Cuando quien ostenta poder, ya sea por la posición económica, por la función que desempeña, por el cargo que ocupa, por las relaciones que cree tener o que tenga y ligado a eso se tiene la concepción de que se está por encima del bien y del mal, es posible que, ante la comisión de una falta, lejos de asumir su responsabilidad o pedir disculpas se recurra a la odiosa cuestionante: ¿Usted no sabe quién soy yo…?
Por lo regular quienes acuden a esta expresión procuran evitar recibir las sanciones condignas que la falta cometida genera, y en una actitud a todas luces arrogante e irresponsable, lejos de admitir su error arremeten contra quien está llamado a señalarle la falta y establecer la sanción que la misma encierra o a tramitarla a los fines que correspondan.
Pero si bien se trata de una actitud atropellante en contra de quien está llamado a velar por el cumplimiento de la norma, como ocurre con el tránsito, por ejemplo, resulta mucho peor que esos que así actúan encuentren en muchos casos padrinos doblemente irresponsables, que terminan apoyando la mala acción y censurando al que ha actuado de manera correcta. Obviamente, esto igualmente aplica para quienes abusando de su cargo cometen agresiones en contra de ciudadanos correctos.
Esa situación se produce y se repite a diario en diversos escenarios, llegando en ocasiones a intervenir personas que “delegatarias del poder” se amparan en este para proteger a allegados sobre los que les consta andan en malos pasos, y sin ningún recato ni respeto por ellos mismos ni por la función que ocupan utilizan sus “influencias” para liberar de responsabilidad a quienes actúan en detrimento de las normas de la sana convivencia, llegando incluso al colmo de los descaros de utilizar esas mismas “influencias” para ponérsela difícil al que ha actuado de manera correcta, enviando con esto un mensaje totalmente equivocado.
Es algo muy lamentable porque todos conocemos la fragilidad institucional que ha caracterizado a nuestro país a través de los años, abonada en muchos casos por la falta de carácter de quienes ejercen determinadas funciones, que siendo estas en ocasiones ajenas al poder político se dejan narigonear y actúan como marionetas poniendo su cargo al servicio del que detenta “poder”, lacerando en esencia las normas de convivencias del verdadero dueño del poder… el pueblo.

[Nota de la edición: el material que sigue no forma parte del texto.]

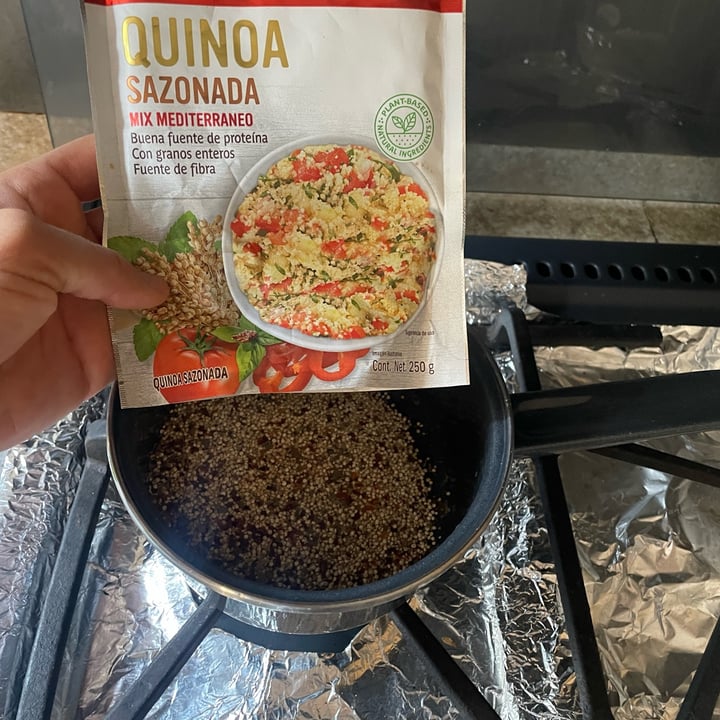 photo of Nature's Heart Quinoa sazonada shared by @veganads on  13 Feb 2025 - review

Esa fragilidad institucional que impide la instauración de un régimen de garantías que proteja de arbitrariedades a quienes ejercen determinadas funciones y que es respaldada en muchos casos por la señalada falta de carácter hacen posible que siga teniendo vigencia en nuestra sociedad sino el tráfico de influencia al menos la concepción de que quien tiene “poder” puede hacer lo que se le antoje, lo que provoca a su vez que quienes están llamados a jugar determinado rol se alejen del mismo, dando cabida al desorden en todas sus manifestaciones.
Son muchos los lastres que debemos superar como sociedad y se requiere que todo el que está llamado a cumplir determinada misión la lleve a cabo sin tener más atadura que la norma social establecida, promoviendo conductas correctas, con personas suficientemente maduras y con la formación, integridad, reciedumbre y el carácter necesario para que protegidos por las debidas garantías puedan responder ante la cuestionante ¿usted sabe quién soy yo?: no, ni me hace falta saberlo. Por: José Manuel Arias M., [Listín Diario-Ojo]
El autor es juez titular de la Segunda Sala del Tribunal de Ejecución de la Pena del Departamento Judicial de San Cristóbal, con sede en el Distrito Judicial de Peravia.